■ What to work on: When writing out the listing below, reproduce every word exactly and skip the pictures.

■ Supplied material:
=======

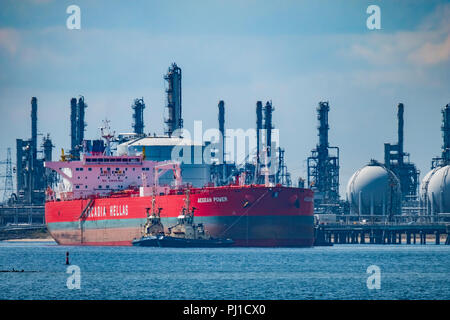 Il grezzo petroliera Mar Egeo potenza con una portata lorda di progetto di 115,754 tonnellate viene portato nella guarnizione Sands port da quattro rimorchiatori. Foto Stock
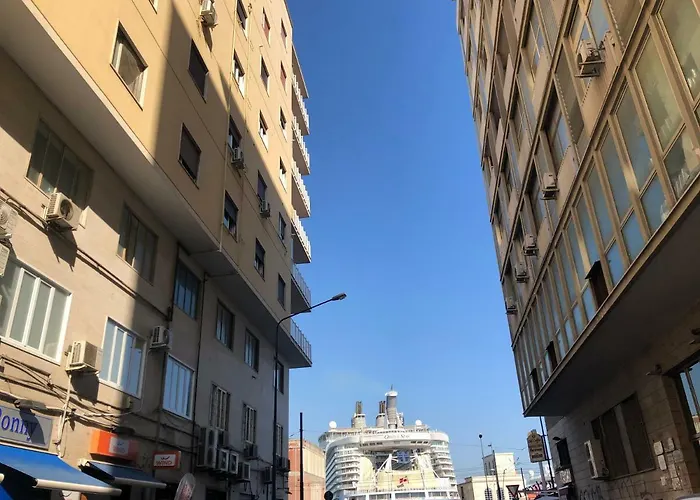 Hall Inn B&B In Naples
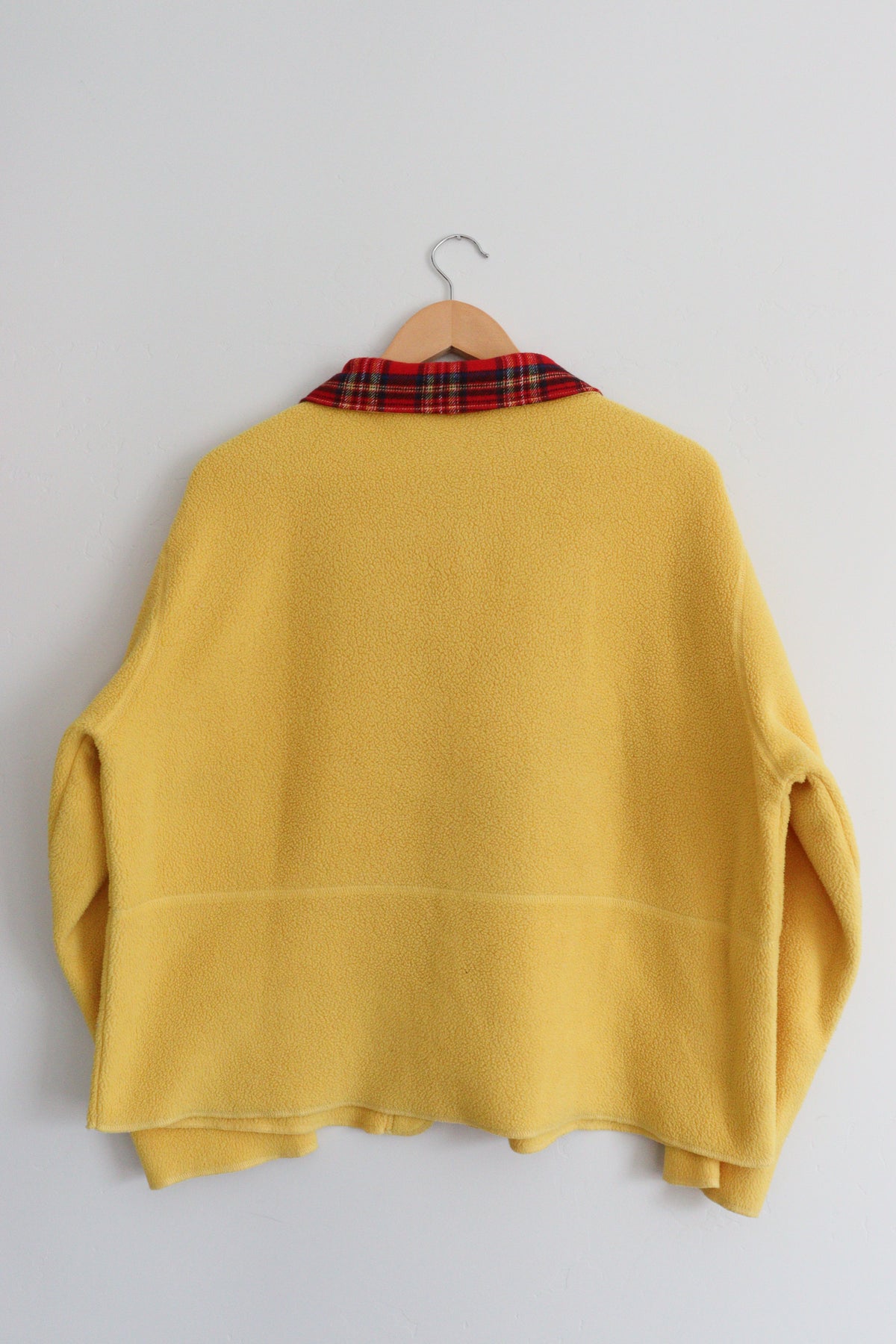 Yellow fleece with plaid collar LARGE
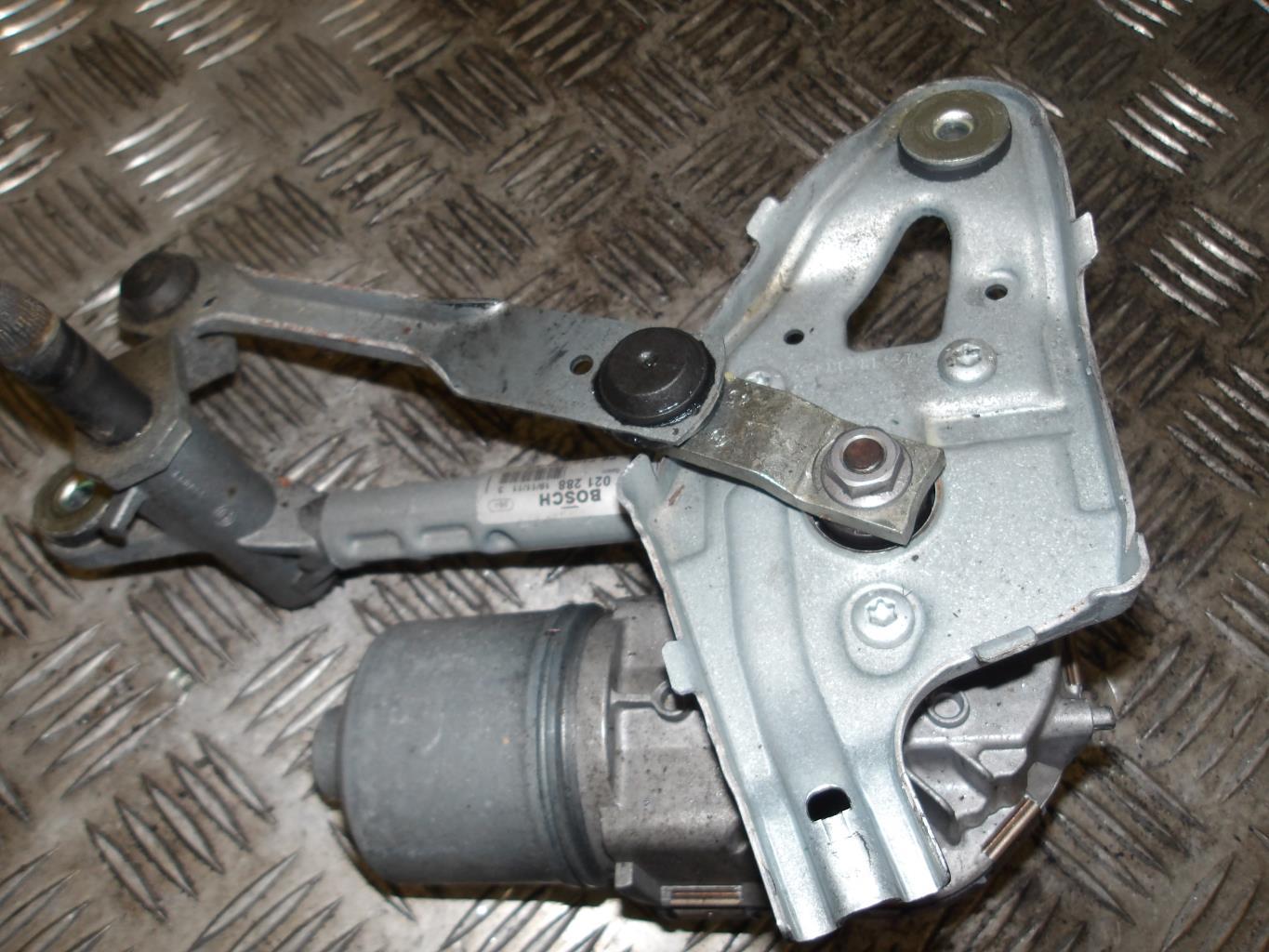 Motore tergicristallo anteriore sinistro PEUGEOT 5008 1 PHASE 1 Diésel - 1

=======

■ Result of the exercise:
 Il grezzo petroliera Mar Egeo potenza con una portata lorda di progetto di 115,754 tonnellate viene portato nella guarnizione Sands port da quattro rimorchiatori. Foto Stock
 Hall Inn B&B In Naples
 Yellow fleece with plaid collar LARGE
 Motore tergicristallo anteriore sinistro PEUGEOT 5008 1 PHASE 1 Diésel - 1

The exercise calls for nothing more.